I’ve had an enduring interest in the University of Virginia ever since I arrived on the Grounds some fifty-three years ago as a “transfer” from another college. Perhaps that’s why I view the University from a different perspective than does the typical alumnus of any era before the 1970s. I have devoted a chapter in my ebook to the University of today, titled “Leading to Diversity,” highlighting the changes that I see as having occurred under the leadership of President John T. Casteen III.
I am happy to observe that gone are the days of a stereotyped faculty and student body, and of a laissez faire attitude toward diverse students that I experienced when I attended in the 1950s.
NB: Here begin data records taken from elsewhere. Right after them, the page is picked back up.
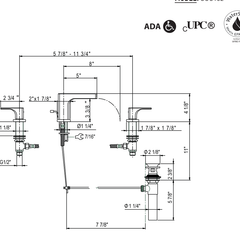 Dimensions | Polished Chrome Widespread Bathroom Sink Faucet With Trough manufacturer specification drawing with dimensions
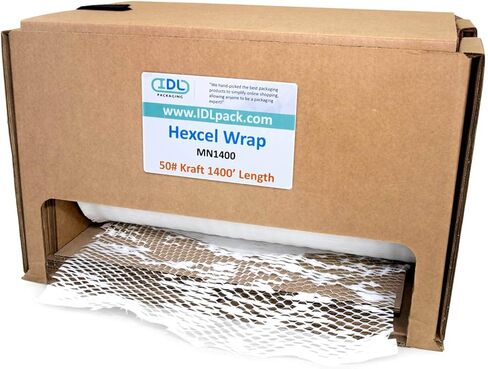 عبوة IDL الأصلية HexcelWrap Honeycomb Packing Kraft Paper 15.25 "× 300 'لفة في مربع مكتسب ذاتيًا ، أبيض - أول تصميم ورق متشابك حاصل على براءة اختراع للشحن in Kuwait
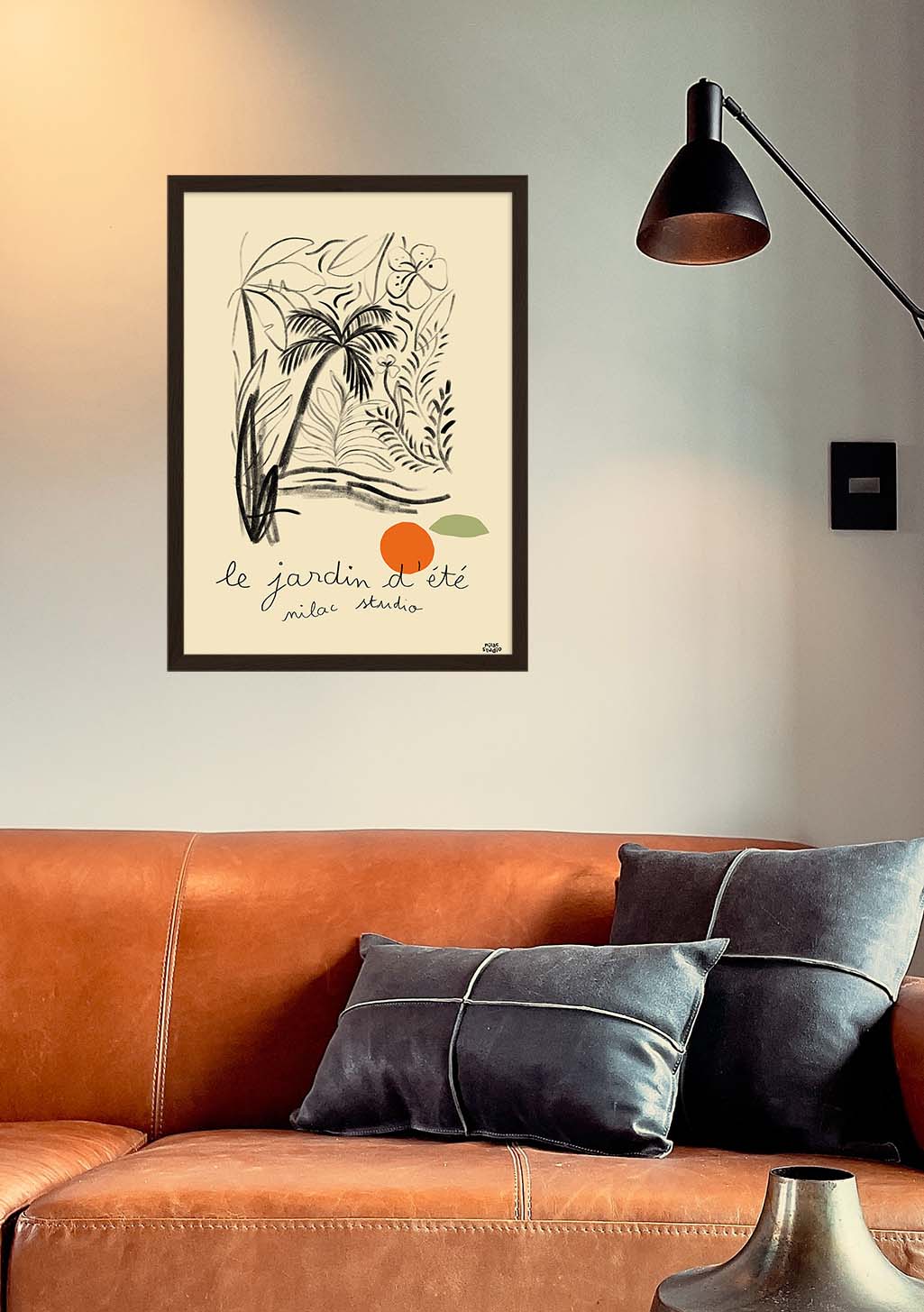 Plante, orange, texte français, cadre noir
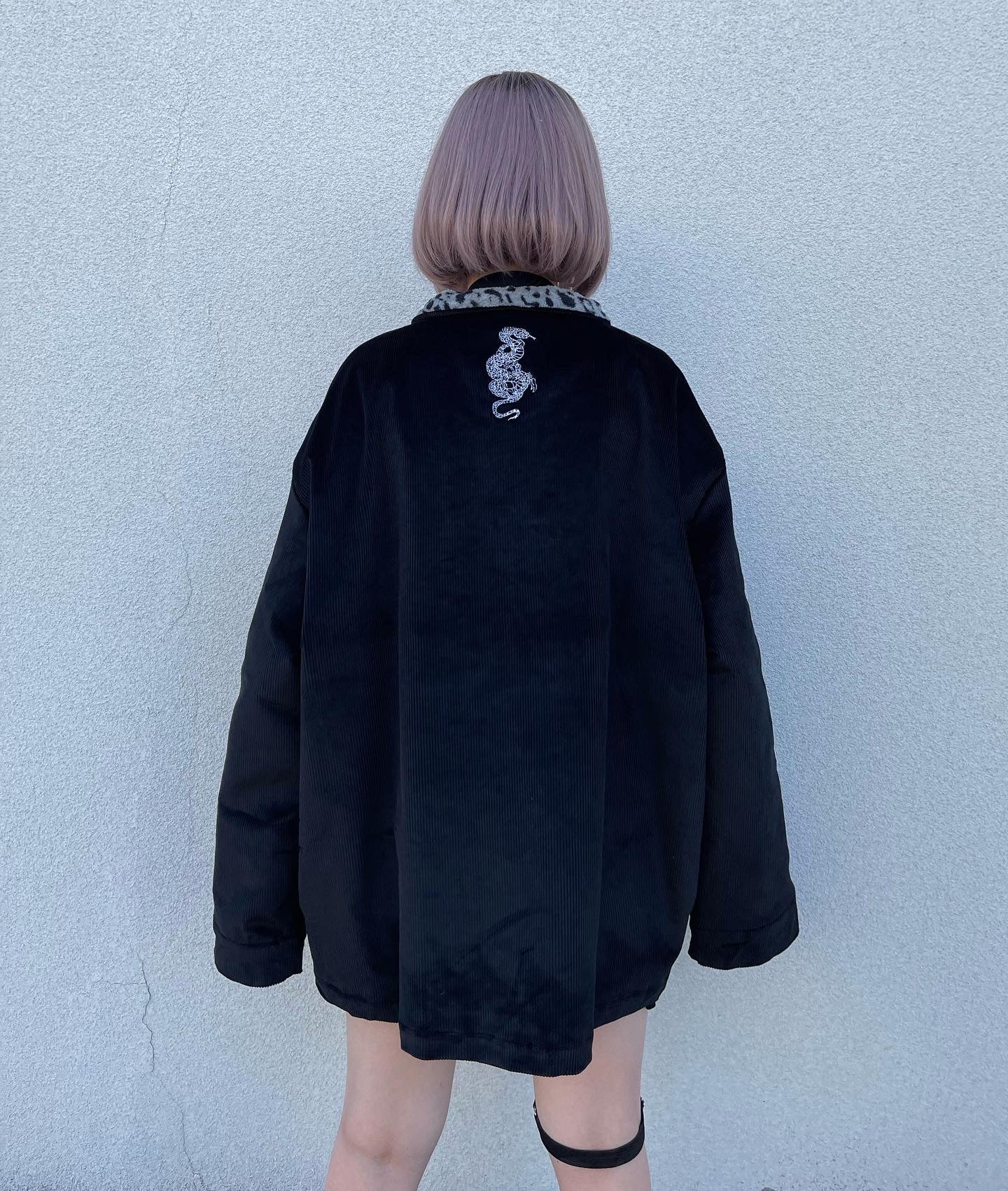 gibous corduroy leopard jacket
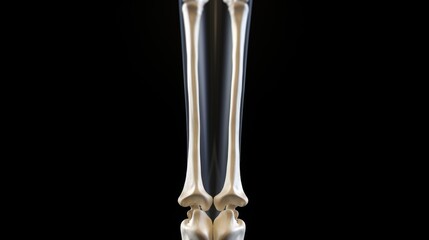 A detailed close-up of a human leg showcasing an exposed bone. This image can be used to illustrate medical conditions, anatomy studies, or injury-related topics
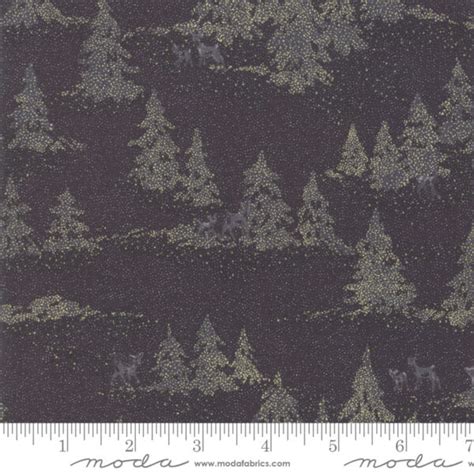 Moda Forest Frost Glitter Ii Coal Deer Forest Mg Quilt Connection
As Mr. Jefferson the Francophile might have said, Vive la difference!
Gerald L. Cooper divided his 43-year career as an administrator, counselor and teacher among four preparatory schools, two colleges, and finally as executive director of a college access program [501 (c) (3)] that served ten public high schools in Norfolk, Portsmouth, and Virginia Beach. This essay derives from his bookOn Scholarship – From An Empty Room at Princeton, now in a limited print edition at Amazon.com; also available in PDF format by contacting Cooper.

In On Scholarship Cooper describes his personal experiences with financial aid: receiving it, granting it, fundraising for it, and finding it for needy students.

Footnote:
President Alderman’s remarks about Poe (cited above) can be found in “Edgar Allan Poe and the University of Virginia” (The Virginia Quarterly Review, spring 1925), reprinted in We Write for Our Own Time: Selected Essays from the Virginia Quarterly Review (Charlottesville, 2000).